February 27, 2009

Global Market Comments for February 27, 2009
Featured Trades: (SILVER),

1) Welcome to the worst case scenario, with Q4 GDP revised down from -3.8% to -6.2%. Q4 will be just as bad, if not worse, then we will find a bottom. Technical analysts were ringing their hands as the Dow hit a new 12 year low and the S&P 500 broke key support at 740. Thank God I don't believe in that mumbo jumbo. Natural gas hit a new six year low at $3.90, and even gold backed off to $928. Citigroup (C) is now so cheap at $1.40 that you could launch a hostile takeover with your American Express card. It really had the flavor of a 'throw up your hands and sell everything' day.

2) I met with Thomas Ricks, author of the best selling The Gamble: General David Petraeus and the American Military Adventure in Iraq, 2006-2008, who says that we are only half way through the war, and our unfortunate involvement there could run as long as another 16 years. The surge has failed, our casualties are rising, and US credibility with Iraqis is zero. Bush blew a cozy set up that worked for a decade where Saddam was contained at minimal cost. Talking is more valuable than fighting, and it is cheaper to hire someone than to kill them. General Petraeus figured this out, so we now have 100,000 enemy fighters on the payroll costing $30 million a month. It was easy to walk away from Vietnam and leave a few million locals in re-education camps. Iraq won't be so easy, because it sits atop, or adjacent to the world's largest oil supply. Eventually, Iraq will evolve into another Lebanon where you have multiple competing armed groups. The big winner in all of this is Iran, which has seen its prestige grow in the Middle East at our expense. Iraq will continue to be a huge financial drain on the US for decades, no matter what Obama says. All very sobering thoughts, with big implications for the markets.

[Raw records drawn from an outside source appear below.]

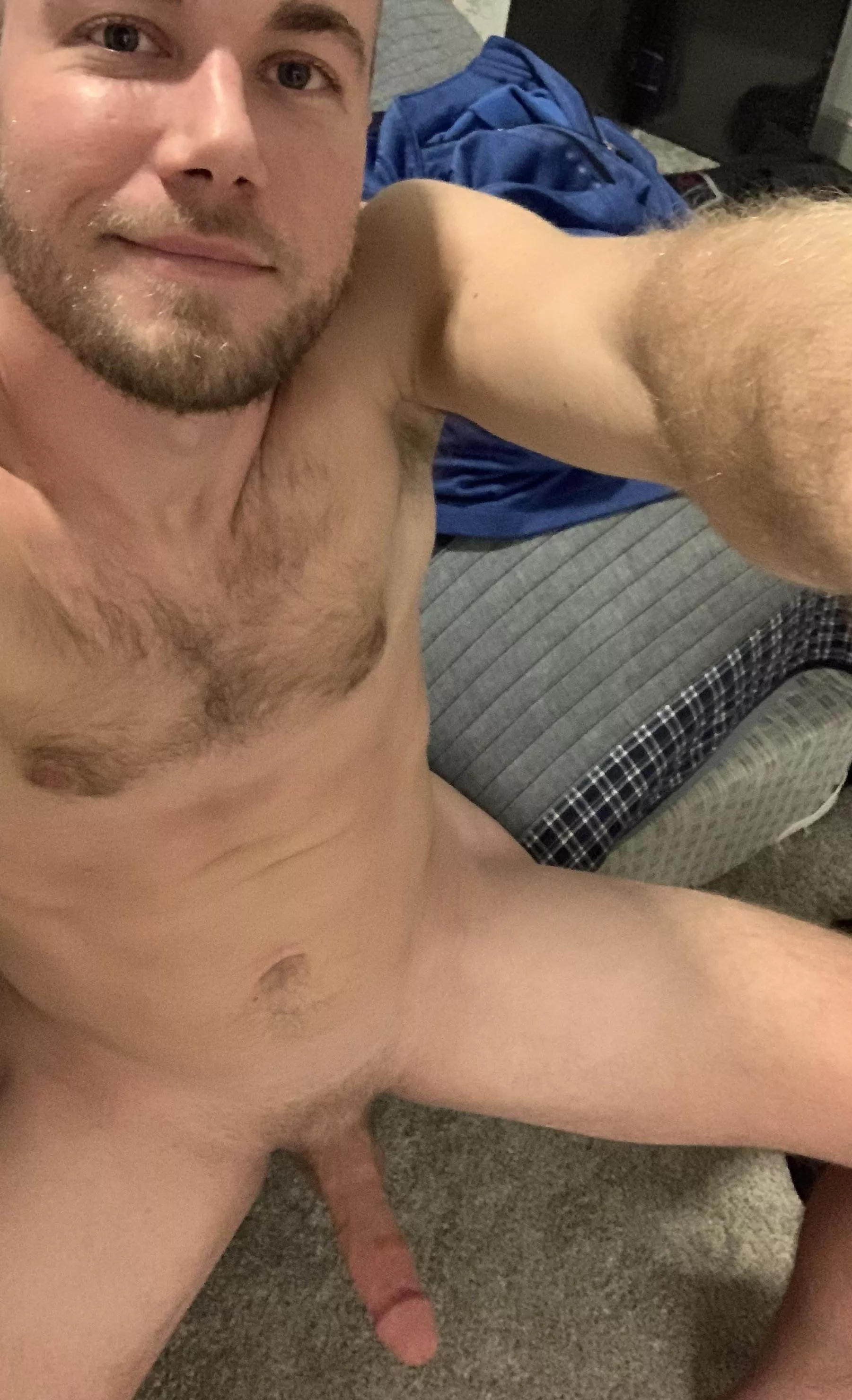 Come sit on me please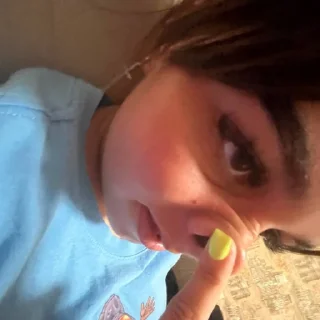 😜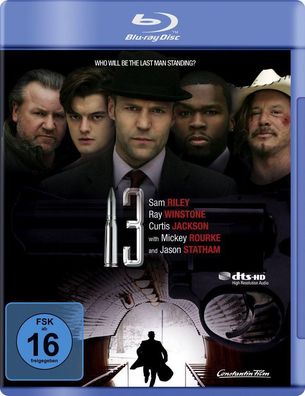 13 (Blu-ray) - Universal Pictures Germany GmbH 7631868 - (Blu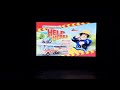 Fireman Sam Help Is Here 2011 DVD Menu Walk Through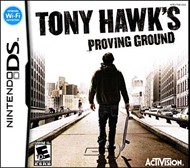 Rent Tony Hawk's Proving Ground for DS
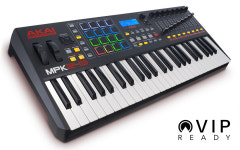 AKAI MPK249 49건반 USB 마스터 키보드 미디 컨트롤러 : 레코딩클럽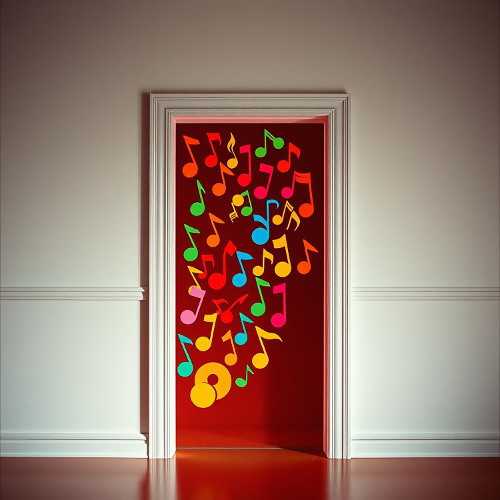 Knock, knock, open up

3) With gold bugs, survivalists, and garden variety hedge funds running victory laps over the yellow metal's recent breach of $1,000, it is easy to miss the move in silver that has been twice as impressive. Silver has run 30% this year to $14.60 an ounce, despite the steady deterioration in industrial demand. Silver ETF buying has exploded by 1,676 tonnes to bring their total to 9,929 tonnes. Sales of silver American eagle coins have doubled to four million ounces so far this year. The metal may have more to run. Hedge fund longs, which peaked last year at 50,000 futures contracts, have so far reached only 23,100 contracts in this round. But risk managers are going to have to keep an extra sharp eye on silver positions. A turnaround by the Dow or the yen against the dollar could suddenly take the air out of this bubble.

Silver-1.png picture by sbronte

4) Anyone who has any illusions about the Canadian tar sands business should take a look at the March issue of National Geographic, not normally a prime source of financial and economic news for me. I'm not normally a big time environmentalist, but just looking at the glossy, eye opening pictures tells you that this is this an ecodisaster of Biblical proportions. A $50 billion investment by several firms over the last decade is now producing 750,000 barrels/day, and another $100 billion was headed north before prices crashed last year. You have to cut down a whole forest, remove two tons of peat, then another two tons of sand, and burn 100 barrels of oil equivalent to heat rivers of water to steam, just to produce a single barrel of oil. This gives you the world's highest production cost, thought to be $80-$100/barrel. There are now 50 square miles of sludge ponds in Northern Alberta leaching a witch's brew of poisons into the water supply, which has caused the local cancer rate to explode tenfold. We're not just talking about a few sick ducks and fish here. Canada is the largest foreign supplier of oil to the US, accounting for 19% of the total, and half of that is coming from tar sands.

One can only assume that the whole industry was built as a hedge against some Third World War, Armageddon type total cut off of all foreign crude supplies that would drive prices to $500/barrel, making all of this hugely profitable. Maybe the owners think they can get away with this because it is in the middle of nowhere. An army of lawyers about to hit these projects with a tidal wave of litigation think otherwise. After looking at these pictures and analyzing the numbers, you have to ask if it is really worth it, just so I can drive my Hummer to Walmart.


"You cannot motivate the best people with money. Money is just a way to keep score. The best people in any field are motivated by passion," said open source advocate Eric S. Raymond.